Impact of Red Sea Attacks on Geely’s EV Sales: Chinese automaker Geely issued a warning, stating that its electric vehicle (EV) sales might encounter disruptions due to delays in deliveries caused by the ongoing conflict in the Red Sea. The region, particularly the Suez Canal, a crucial shipping route, faces challenges as Yemeni militants target vessels.

Shipping Route Adjustments and Cost Implications: To avoid the hostile situation in the Red Sea, Geely reported that shipping firms it relies on for EV exports to Europe are considering longer routes around the Cape of Good Hope. This alternative route is expected to increase shipping costs significantly, potentially impacting the overall transport expenses for EV shipments.

Industry-Wide Ramifications: The logistics industry, a key player in serving China’s automotive exports, predicts a five-fold increase in shipping costs due to rerouting. Analysts foresee a shortage of vessels by the second half of January, emphasizing the longer duration ships take to return to port after the extended journey around the Cape of Good Hope.

Broader Implications for Chinese Automakers: Geely’s warning not only poses challenges for its EV exports but also indicates potential difficulties for other Chinese automakers eyeing increased exports to Europe. With overcapacity and weakened demand domestically, this development could impact the broader landscape of Chinese automotive exports.

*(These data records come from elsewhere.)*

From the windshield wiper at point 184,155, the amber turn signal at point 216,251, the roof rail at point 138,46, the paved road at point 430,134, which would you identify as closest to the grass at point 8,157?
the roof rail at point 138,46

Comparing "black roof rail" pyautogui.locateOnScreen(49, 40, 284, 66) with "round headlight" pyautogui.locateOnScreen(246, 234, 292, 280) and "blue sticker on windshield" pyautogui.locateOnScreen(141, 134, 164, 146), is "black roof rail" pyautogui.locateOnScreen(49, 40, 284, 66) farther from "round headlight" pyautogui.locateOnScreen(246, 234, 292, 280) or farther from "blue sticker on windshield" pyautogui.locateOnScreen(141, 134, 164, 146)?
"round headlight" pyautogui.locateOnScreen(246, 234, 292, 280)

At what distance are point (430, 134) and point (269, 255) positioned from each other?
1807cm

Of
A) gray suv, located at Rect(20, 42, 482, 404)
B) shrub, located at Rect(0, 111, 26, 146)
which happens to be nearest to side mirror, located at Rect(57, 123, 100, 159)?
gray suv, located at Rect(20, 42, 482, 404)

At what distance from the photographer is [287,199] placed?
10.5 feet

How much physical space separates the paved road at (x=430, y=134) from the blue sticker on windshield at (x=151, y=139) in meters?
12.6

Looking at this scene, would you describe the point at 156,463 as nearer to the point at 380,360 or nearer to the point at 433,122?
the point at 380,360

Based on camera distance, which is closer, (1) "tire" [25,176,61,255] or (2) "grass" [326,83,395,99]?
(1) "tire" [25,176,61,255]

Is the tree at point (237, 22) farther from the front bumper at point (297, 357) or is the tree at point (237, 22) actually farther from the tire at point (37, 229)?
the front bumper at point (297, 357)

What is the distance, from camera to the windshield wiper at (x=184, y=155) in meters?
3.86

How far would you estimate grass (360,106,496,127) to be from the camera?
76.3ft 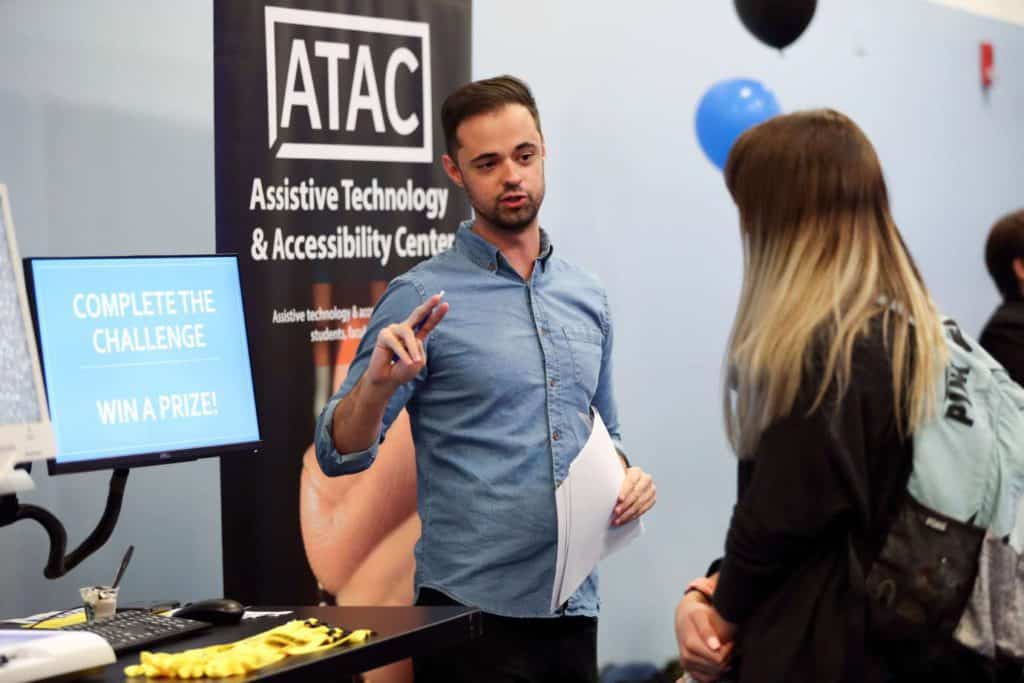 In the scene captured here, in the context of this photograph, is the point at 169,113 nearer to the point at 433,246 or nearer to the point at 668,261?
the point at 433,246

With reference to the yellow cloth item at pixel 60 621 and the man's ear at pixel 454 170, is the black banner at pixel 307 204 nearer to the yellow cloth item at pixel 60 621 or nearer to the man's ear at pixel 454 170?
the man's ear at pixel 454 170

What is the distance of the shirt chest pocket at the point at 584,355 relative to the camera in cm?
240

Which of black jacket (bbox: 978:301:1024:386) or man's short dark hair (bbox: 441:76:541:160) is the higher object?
man's short dark hair (bbox: 441:76:541:160)

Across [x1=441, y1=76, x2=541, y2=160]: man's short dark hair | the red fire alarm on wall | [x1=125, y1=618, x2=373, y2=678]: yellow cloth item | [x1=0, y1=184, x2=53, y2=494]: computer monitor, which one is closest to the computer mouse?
[x1=125, y1=618, x2=373, y2=678]: yellow cloth item

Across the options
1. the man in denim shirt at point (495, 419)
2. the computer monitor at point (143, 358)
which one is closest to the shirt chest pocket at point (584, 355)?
the man in denim shirt at point (495, 419)

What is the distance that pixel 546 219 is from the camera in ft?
12.6

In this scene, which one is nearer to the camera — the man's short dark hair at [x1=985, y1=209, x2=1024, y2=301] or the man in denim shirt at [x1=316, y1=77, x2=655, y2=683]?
the man in denim shirt at [x1=316, y1=77, x2=655, y2=683]

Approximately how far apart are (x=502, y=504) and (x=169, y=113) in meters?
1.32

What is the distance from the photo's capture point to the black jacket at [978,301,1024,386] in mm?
3043

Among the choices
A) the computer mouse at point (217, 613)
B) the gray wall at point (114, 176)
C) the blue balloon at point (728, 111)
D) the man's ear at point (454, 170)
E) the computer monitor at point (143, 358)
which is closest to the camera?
the computer mouse at point (217, 613)

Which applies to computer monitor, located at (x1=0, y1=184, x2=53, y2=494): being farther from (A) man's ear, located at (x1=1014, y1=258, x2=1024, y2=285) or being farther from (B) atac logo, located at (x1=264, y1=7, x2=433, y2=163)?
(A) man's ear, located at (x1=1014, y1=258, x2=1024, y2=285)

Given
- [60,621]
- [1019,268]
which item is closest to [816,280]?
[60,621]

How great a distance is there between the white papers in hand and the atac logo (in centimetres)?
102

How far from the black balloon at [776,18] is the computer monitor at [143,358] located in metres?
2.35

Global Shipping Industry Response: The Red Sea attacks have prompted various global shippers to divert from the region. The Houthi attacks, in response to geopolitical events, raise concerns about the safety of maritime routes. This situation has led companies like Geely to consider alternative routes, affecting the entire global shipping industry.

Immediate Response and Future Strategies: Geely did not disclose the names of shipping companies involved, and industry insiders suggest that companies like Tesla and SAIC Motor Corp are making efforts to secure vessels. However, smaller companies may face challenges in adapting to the new shipping dynamics. The industry is closely monitoring the situation and exploring the most feasible approaches to navigate these disruptions.

Regulatory and Market Dynamics: The disruptions come at a time when Chinese carmakers, including Geely, have been experiencing strong sales in Europe. European regulators have expressed concerns, investigating potential punitive tariffs to protect the interests of European Union automakers.

Conclusion and Industry Outlook: As Geely issues warnings about the impact of Red Sea attacks on its EV exports, the automotive industry is bracing for potential challenges. The evolving situation underscores the interconnectedness of global shipping routes and the broader implications for electric vehicle exports amid geopolitical uncertainties. The industry awaits further developments and explores strategies to mitigate potential disruptions.